Caption-style text data:
+===+

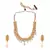 Gold Plated Designer Flower Necklace Set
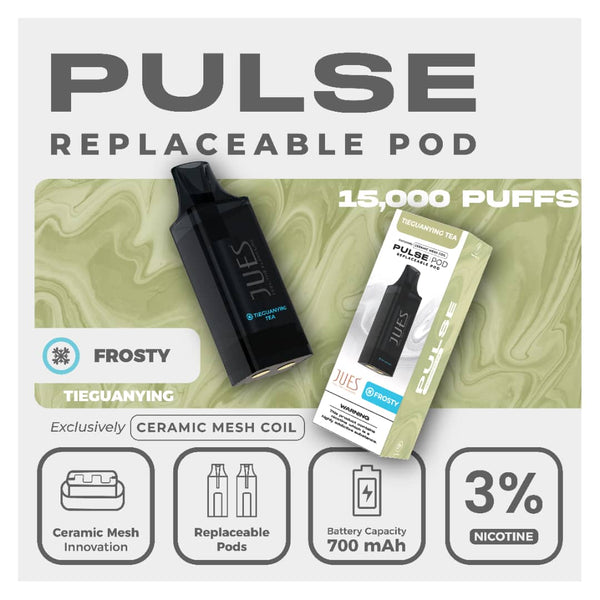 JUES PULSE 15000 DISPOSABLE PREFILLED POD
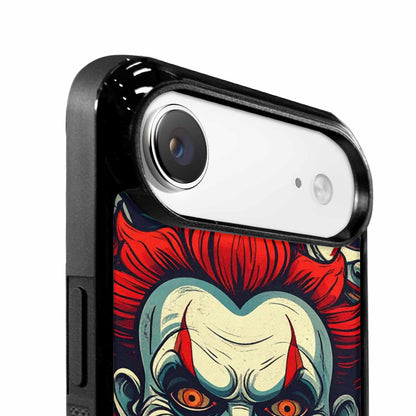 iPhone 17 Air Case — Evil Circus Heads Faces Overlapping Cartoon, Custom Made Phone Cover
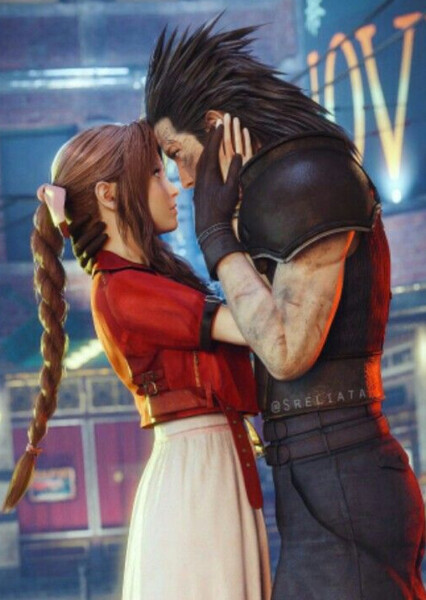Zack and Aerith photo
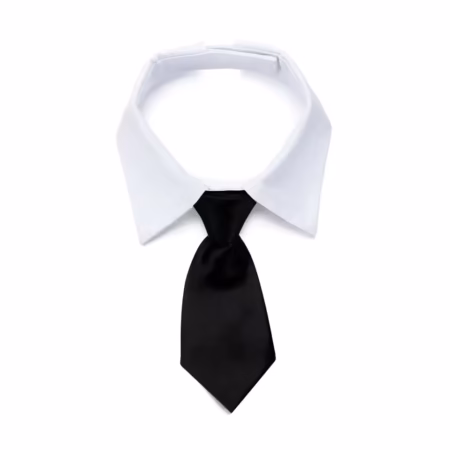 Pet Dog Cat Formal Necktie Tuxedo Bow Tie Black and Red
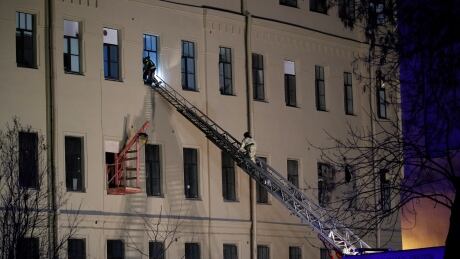 University building in St. Petersburg partially collapses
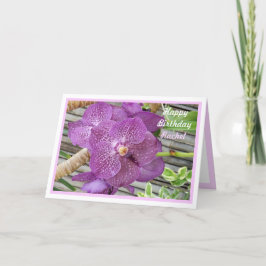 Söt Flowers Personlig Grattis på födelsedagen Card Kort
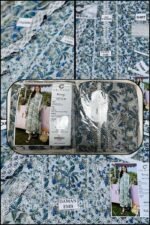 CRIMSON - Chikankari Sequenced Embroidered Lawn | 3-Piece Unstitched Suit | Semi Formal Lawn | ASP-24-06 - Image 6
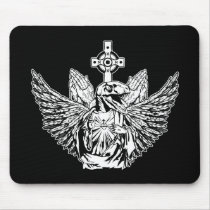 Raptor Jesus Loves You mousepads by strk3 Raptor Jesus Loves You mousepads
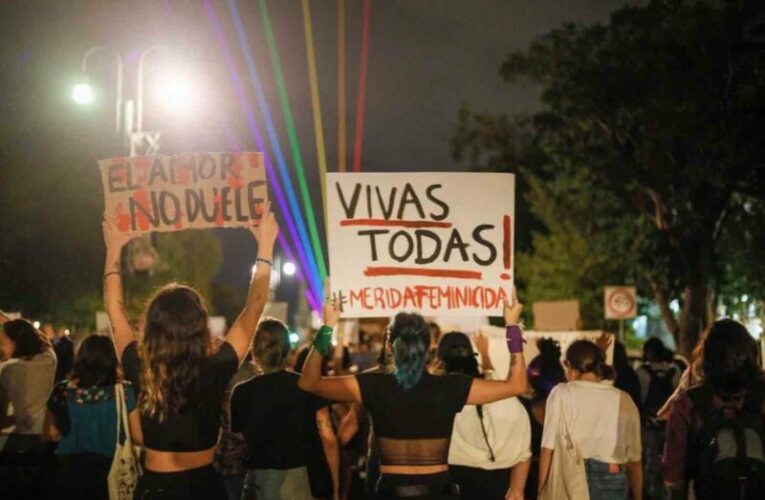 Toman las calles para exigir un alto a la violencia machista “en el estado más seguro del país” (Yucatán)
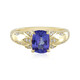 Bague en or et Tanzanite AAA (de Melo)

+===+

Work item: Could you reproduce all of the data above exactly and skip any image?

Written response:
 Gold Plated Designer Flower Necklace Set
 JUES PULSE 15000 DISPOSABLE PREFILLED POD
 iPhone 17 Air Case — Evil Circus Heads Faces Overlapping Cartoon, Custom Made Phone Cover
Zack and Aerith photo
 Pet Dog Cat Formal Necktie Tuxedo Bow Tie Black and Red
 University building in St. Petersburg partially collapses
 Söt Flowers Personlig Grattis på födelsedagen Card Kort
 CRIMSON - Chikankari Sequenced Embroidered Lawn | 3-Piece Unstitched Suit | Semi Formal Lawn | ASP-24-06 - Image 6
 Raptor Jesus Loves You mousepads by strk3 Raptor Jesus Loves You mousepads
 Toman las calles para exigir un alto a la violencia machista “en el estado más seguro del país” (Yucatán)
 Bague en or et Tanzanite AAA (de Melo)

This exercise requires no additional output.